On ne doit jamais faire cela et si un prêtre collabore en disant : « Venez
tous communier », et que quelqu’un qui n’est pas en état de grâce s’approche
de la sainte communion à cause de cela, ce prêtre au lieu de l’aider à aller
vers Dieu, l’entraîne au sacrilège. Le sacrilège n’est pas une invention de
l’Eglise, c’est quelque chose d’objectif. Saint Paul nous a dit que le discernement
est nécessaire : « Qui mange le pain ou reçoit la coupe du Seigneur
indignement sera coupable à l’égard du Corps et du Sang du Christ ».
Il serait beau que tout le monde soit en état de grâce et puisse recevoir
la communion. Mais chacun doit s’examiner lui-même et non examiner autrui.
S’il ne se trouve pas en état de grâce, il ne doit pas recevoir le Christ,
mais d’abord se confesser en acceptant d’être pécheur. Il doit dire :
« C’est ma faute, c’est ma faute, c’est ma très grande faute. Ce n’est
pas la faute du gouvernement ce n’est pas la faute de mon épouse, de mon fils ».
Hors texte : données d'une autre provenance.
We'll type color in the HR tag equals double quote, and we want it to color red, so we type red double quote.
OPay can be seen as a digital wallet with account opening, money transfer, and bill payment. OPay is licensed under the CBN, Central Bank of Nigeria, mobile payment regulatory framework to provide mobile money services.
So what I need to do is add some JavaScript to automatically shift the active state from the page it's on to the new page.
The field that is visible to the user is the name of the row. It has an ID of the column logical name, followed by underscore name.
Il faut accepter cela tout simplement, et demander le pardon de Dieu, avec
la résolution de ne pas recommencer. Si vous n’acceptez pas de vous confesser
à un prêtre, c’est que vous n’acceptez pas la volonté du Christ qui a dit
à ses Apôtres : « Tout ce que vous délierez sur la terre sera délié
dans les cieux ; tout ce que vous lierez sur la terre… » L’Eglise
comprend ces paroles comme exprimant le pouvoir qu’elle a de remettre les
péchés dans le sacrement de pénitence. Ce sacrement reste très important.
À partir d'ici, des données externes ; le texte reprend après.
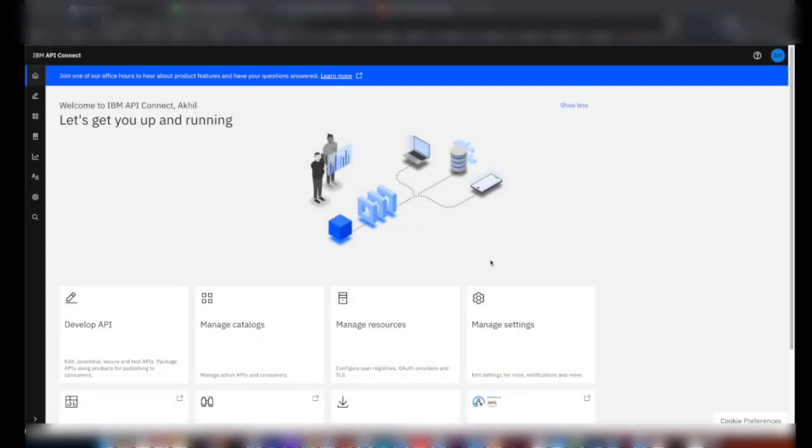In this video, I will demo how to configure analytics data offload to Splunk in API Connect on AWS.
On peut même juger de la santé spirituelle d’un peuple au fait que les fidèles
le pratiquent. Si d’ailleurs personne n’allait se confesser, j’aurais envie
de demander : « Etes-vous immaculés comme l’était la Vierge Marie,
conçue sans péché originel, ne commettant aucun péché personnel ? »
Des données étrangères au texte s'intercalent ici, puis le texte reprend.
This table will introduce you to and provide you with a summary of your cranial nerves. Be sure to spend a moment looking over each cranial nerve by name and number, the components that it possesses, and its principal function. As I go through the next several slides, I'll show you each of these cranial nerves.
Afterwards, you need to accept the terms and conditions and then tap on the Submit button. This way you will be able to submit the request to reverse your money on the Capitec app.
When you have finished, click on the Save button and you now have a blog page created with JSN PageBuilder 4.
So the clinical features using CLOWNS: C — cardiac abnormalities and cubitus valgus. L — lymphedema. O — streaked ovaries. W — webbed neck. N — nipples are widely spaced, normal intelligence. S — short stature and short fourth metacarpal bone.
Si les plus grands saints allaient se confesser fréquemment, pourquoi n’irions-nous
pas nous aussi, nous confesser ? Les prêtres doivent donc encourager
les fidèles dans ce sens. C’est une manière de faire sentir la sainteté de
Dieu. Sinon, quelque chose manquerait à la religion du Christ.
Eminence, vous avez laissé entendre, en divers entretiens accordés à des
revues, qu’un plus grand espace de liberté devait être accordé au rite traditionnel
Pouvez-vous nous en dire ou nous en laisser entendre davantage ?
Après le Concile Vatican II, l’Eglise
a reçu le missel de Paul VI, comme après le Concile de Trente, elle avait
reçu le missel de Pie V. Mais le pape Jean-Paul II a dit que s’il
existait des groupes qui préféraient la messe que nous appelons tridentine,
l’évêque la permettait en indiquant le lieu et le temps. C’est la pratique
d’aujourd’hui.
Cette célébration de la messe tridentine
relève de la Commission Ecclesia Dei. Notre Congrégation du Culte divin
est pour sa part chargée de la célébration du missel d’aujourd’hui. Le souci
de notre Congrégation est la fidélité au rite sacré. Pour le reste l’Eglise
de France et les Eglises de tous les autres pays examinent les solutions.
Il ne serait pas juste que je donne une recette, ni pour la France, ni pour
chaque pays du monde, mais notre Congrégation est ouverte à toute discussion.
Eminence, vous venez d’un pays, le Nigeria, qui a cette singularité, avec
l’ensemble du catholicisme africain, d’être aujourd’hui en croissance numérique.
Le renouvellement du clergé y est assuré, puisque votre pays est celui qui
a le plus de séminaristes par prêtre (1,19 séminaristes par prêtre, selon
les statistiques de la Congrégation du Clergé). La sécularisation qui frappe
l’Occident ne touche-t-elle pas le Nigeria ?
Cardinal Francis
Arinze – La sécularisation
touche plus ou moins tous les pays du monde. Il est vrai cependant que la
croissance du christianisme est la plus élevée en Afrique, non pas en chiffre
total, mais en pourcentage. Il ne manque pas de problèmes en Afrique :
l’instabilité de tel ou tel pays, des conflits, des guerres quelquefois. Mais
les gens acceptent le christianisme : devenir chrétien y est considéré
comme une bonne chose, ce qui est réconfortant. Il y a cependant beaucoup
de différences de l’Algérie, au Nord, à l’Afrique du Sud, de la Mauritanie,
à l’Ouest, à la Tanzanie. Mais puisque vous me parlez de mon pays, le Nigeria,
en effet, le nombre de chrétiens y est en croissance. Les églises bâties il
y a vingt ans ne suffisent plus. Quand un prêtre dit la messe les gens accourent,
quand un autre confesse ils font la queue. Beaucoup
de prêtres n’en peuvent plus, car ils ont énormément de travail. Le nombre
de jeunes entrant au séminaire est si élevé que nous parlons de boom.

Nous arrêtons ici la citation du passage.